**REQUIRED WORK:** Only a number is expected in reply: the number of lines below that include the word "Christmas".

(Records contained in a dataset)
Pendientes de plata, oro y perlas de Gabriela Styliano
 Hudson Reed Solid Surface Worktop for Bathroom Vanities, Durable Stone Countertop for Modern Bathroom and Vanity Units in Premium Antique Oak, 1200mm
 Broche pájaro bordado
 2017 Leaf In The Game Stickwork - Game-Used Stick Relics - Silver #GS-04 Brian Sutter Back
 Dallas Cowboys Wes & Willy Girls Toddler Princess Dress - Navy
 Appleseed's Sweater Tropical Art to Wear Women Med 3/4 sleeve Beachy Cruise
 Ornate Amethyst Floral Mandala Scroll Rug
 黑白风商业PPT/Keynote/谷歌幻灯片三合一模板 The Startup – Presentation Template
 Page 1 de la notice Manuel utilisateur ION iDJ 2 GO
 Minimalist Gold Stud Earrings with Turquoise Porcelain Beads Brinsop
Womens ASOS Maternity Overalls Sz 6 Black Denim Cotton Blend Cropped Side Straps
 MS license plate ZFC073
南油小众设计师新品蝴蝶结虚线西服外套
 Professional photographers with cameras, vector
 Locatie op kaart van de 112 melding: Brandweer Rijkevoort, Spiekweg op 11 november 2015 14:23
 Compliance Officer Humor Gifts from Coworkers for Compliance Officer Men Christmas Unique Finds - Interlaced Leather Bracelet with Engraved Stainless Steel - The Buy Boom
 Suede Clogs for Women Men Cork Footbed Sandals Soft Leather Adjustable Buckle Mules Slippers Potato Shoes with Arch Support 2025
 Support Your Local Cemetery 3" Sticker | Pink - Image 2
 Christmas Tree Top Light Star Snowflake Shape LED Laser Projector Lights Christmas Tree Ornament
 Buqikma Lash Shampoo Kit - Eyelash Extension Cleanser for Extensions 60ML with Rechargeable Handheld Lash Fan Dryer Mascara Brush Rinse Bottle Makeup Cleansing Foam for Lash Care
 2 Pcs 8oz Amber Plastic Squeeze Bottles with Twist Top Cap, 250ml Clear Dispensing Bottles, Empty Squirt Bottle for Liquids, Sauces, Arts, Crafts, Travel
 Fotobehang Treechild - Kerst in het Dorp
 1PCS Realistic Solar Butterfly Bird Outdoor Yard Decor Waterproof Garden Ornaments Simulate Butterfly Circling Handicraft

**SOLUTION TO THE PROBLEM:** 2